Before connecting to a remote database, you must ensure, that a pNET agent is running on the remote machine. There's no default port, so you have to ask your system administrator for the port number.

Say, your pNET agent is running on machine "alpha", port 3334, and you'd like to connect to an ODBC database called "mydb" as user "joe" with password "hello". When using DBD::ODBC directly, you'd do a

$dbh = DBI->connect("DBI:ODBC:mydb", "joe", "hello");

With DBD::pNET this becomes

$dsn = "DBI:pNET:hostname=alpha:port=3334:dsn=DBI:ODBC:mydb";
$dbh = DBI->connect($dsn, "joe", "hello");

You see, this is mainly the same. The DBD::pNET module will create a connection to the pNET agent on "alpha" which in turn will connect to the ODBC database.

DBD::pNET's DSN string has the format

$dsn = "DBI:pNET:key1=val1: ... :keyN=valN:dsn=valDSN";

In other words, it is a collection of key/value pairs.
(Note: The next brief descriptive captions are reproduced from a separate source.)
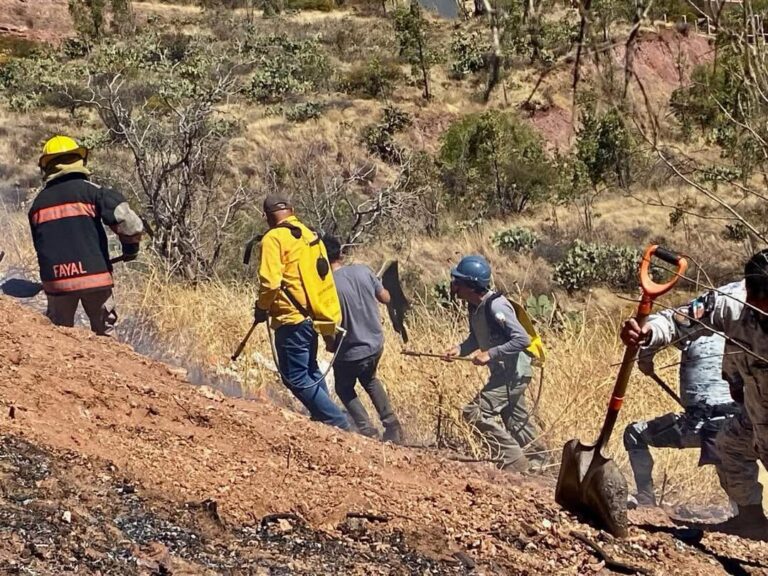 Atiende PC 136 incendios forestales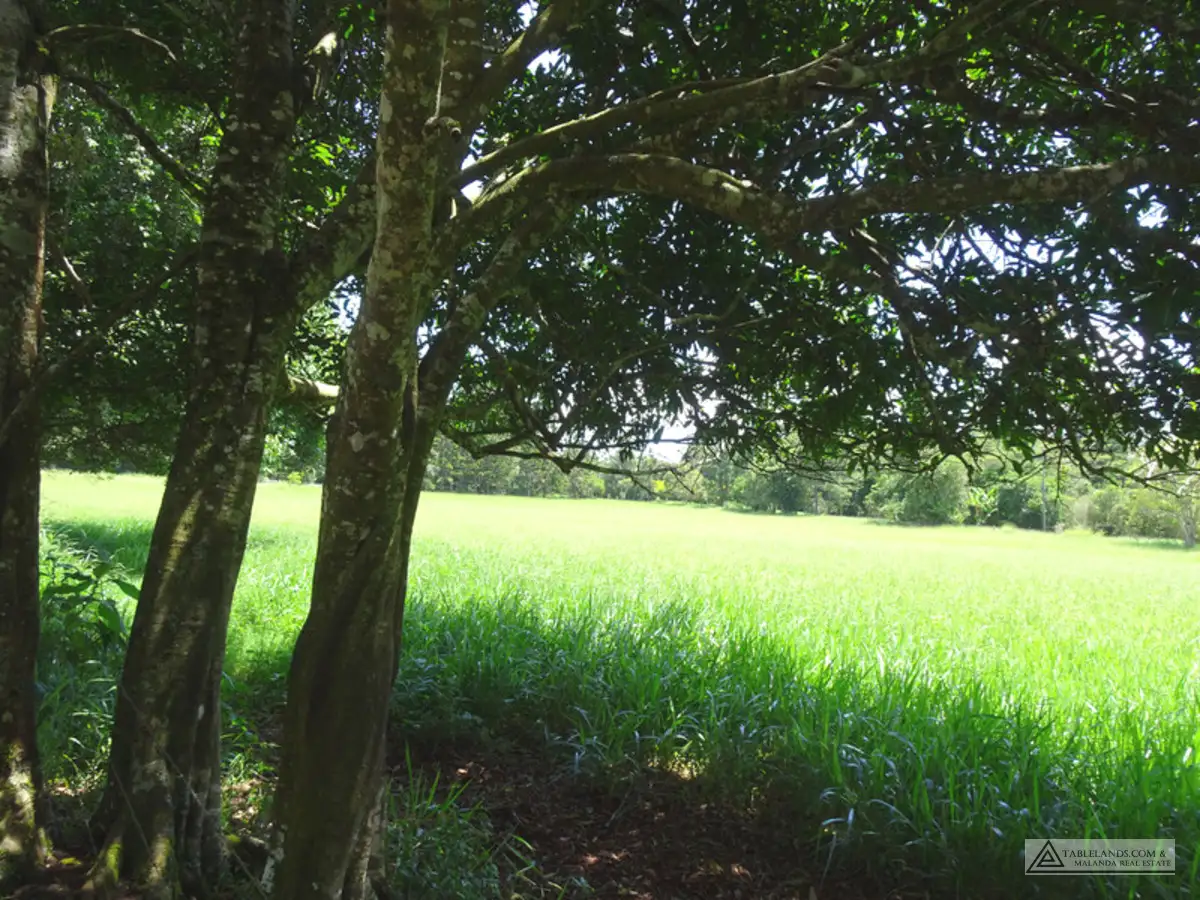 Main view of Homely land listing, Address available on request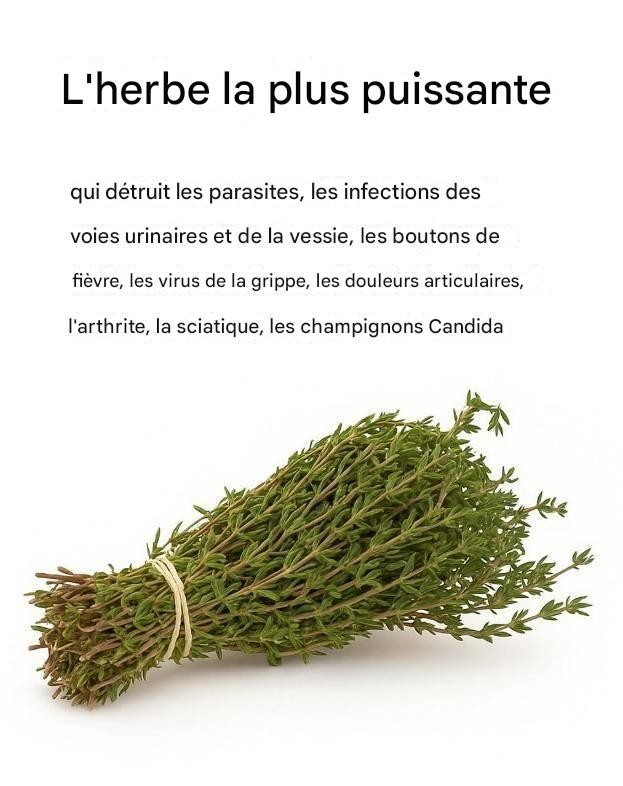 C’est l’une des plantes les plus puissantes au monde
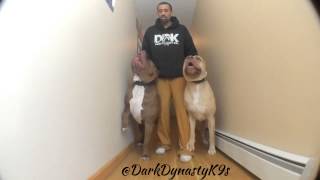 MONSTER Pitbulls showing you their power!! THE HULK \u0026 GHOSTFACE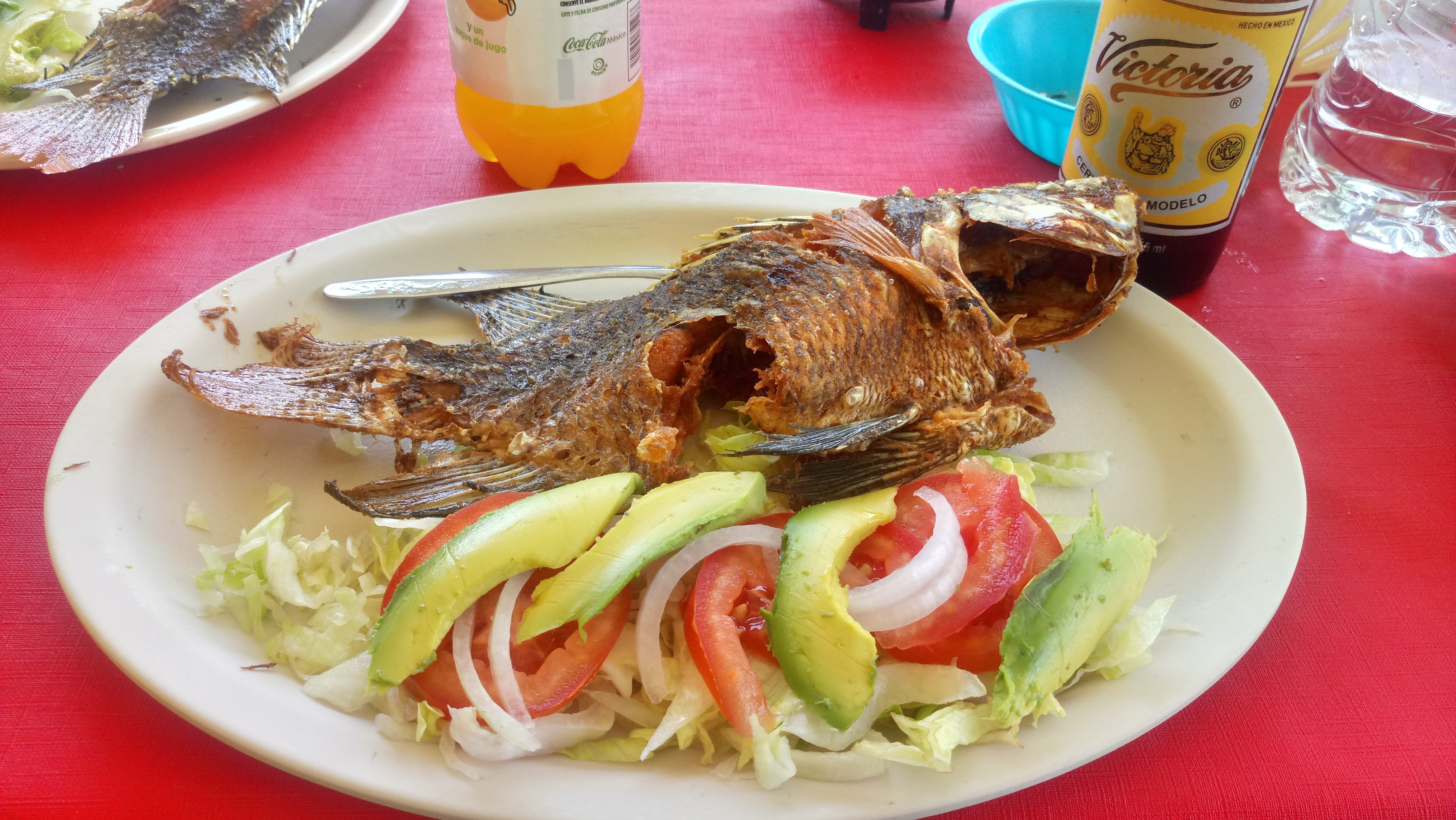 Los estanques de Mojarras image 2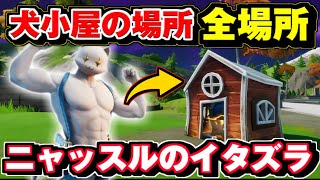 【ニャッスル】犬小屋を破壊する 全場所 まとめ /ニャッスルのイタズラ チャレンジ  完全攻略【フォートナイト】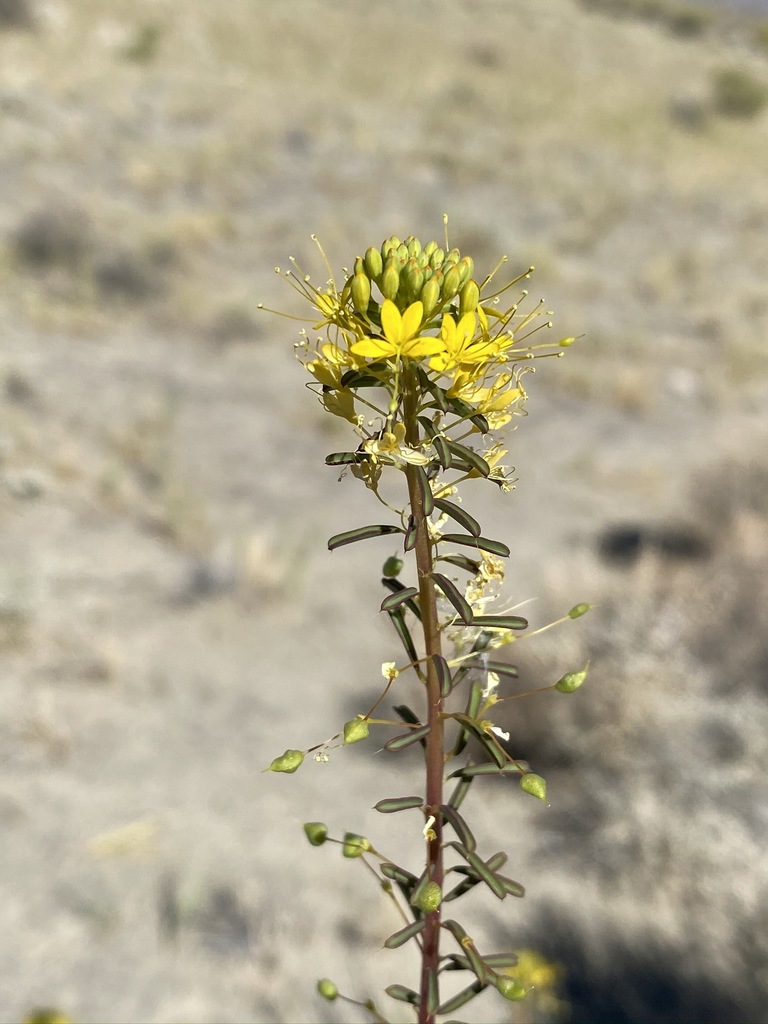 Twisted cleomella (Cleomella plocasperma)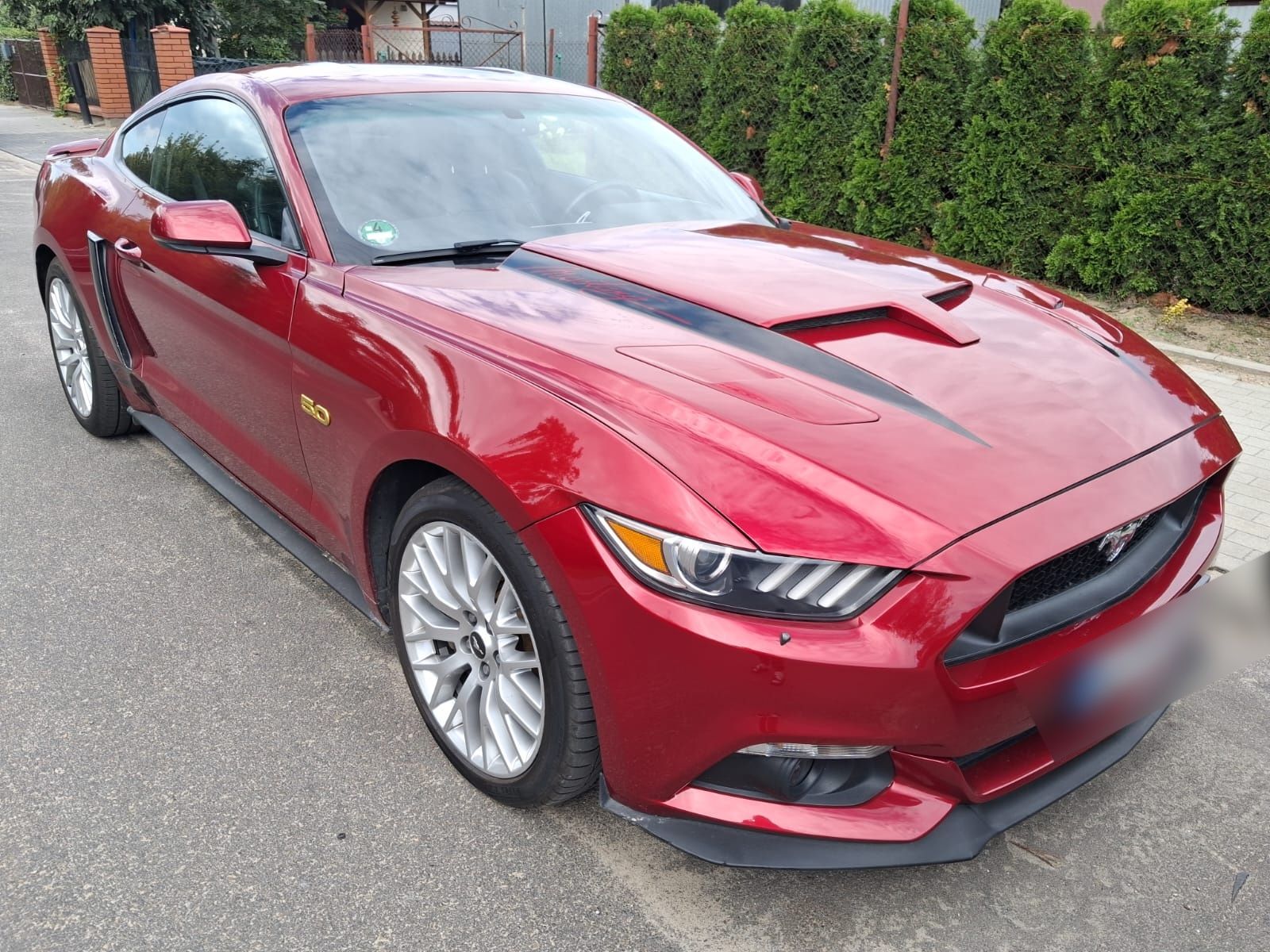 Ford Mustang 5.0 V8 - Ford Mustang - SYC75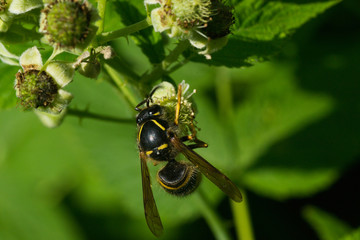 insect wasp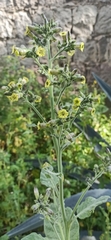 Nicotiana rustica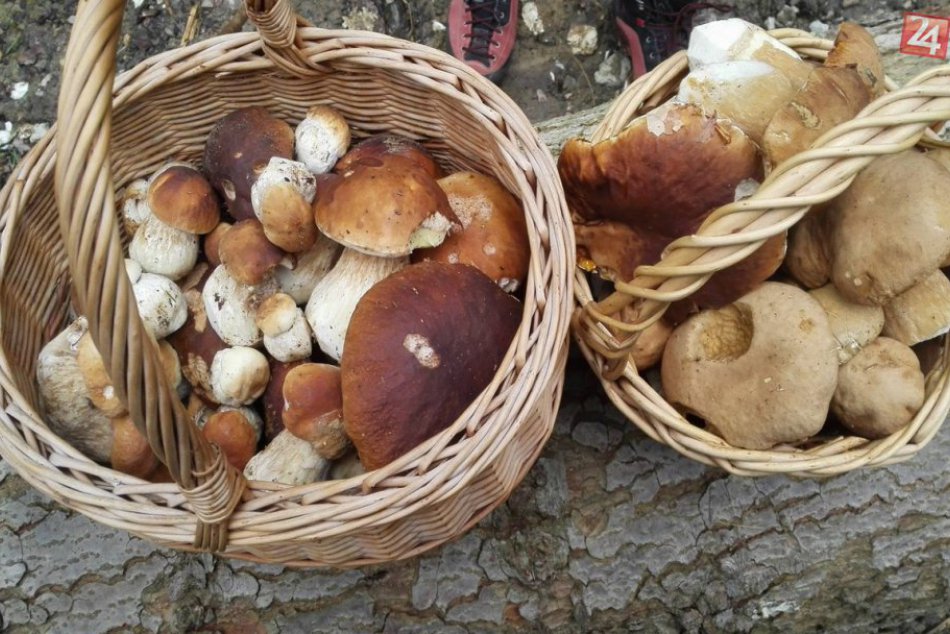 Ilustračný obrázok k článku Poznáte najlepšie hubárske regióny? Nachádzajú sa na Záhorí, Liptove a Orave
The following keys are recognized:

hostname
port

Hostname and port of the pNET agent; these keys must be present, no defaults. Example:

hostname=alpha:port=3334
dsn

The value of this attribute will be used as a dsn name by the pNET agent. Thus it must have the format DBI:driver:..., in particular it will contain colons. For this reason the dsn key must be the last key and its value will be the the complete remaining part of the line, regardless of colons or other characters. Example:

dsn=DBI:ODBC:mydb
cipher
key
usercipher
userkey

By using these fields you can enable encryption. If you set, for example,

cipher=$class:key=$key

then DBD::pNET will create a new cipher object by executing

$cipherRef = $class->new(pack("H*", $key));

and pass this object to the RPC::pClient module when creating a client. See RPC::pClient(3). Example:

cipher=IDEA:key=97cd2375efa329aceef2098babdc9721

The usercipher/userkey attributes allow you to use two phase encryption: The cipher/key encryption will be used in the login and authorisation phase. Once the client is authorised, he will change to usercipher/userkey encryption. Thus the cipher/key pair is a host based secret, typically less secure than the usercipher/userkey secret and readable by anyone. The usercipher/userkey secret is your private secret.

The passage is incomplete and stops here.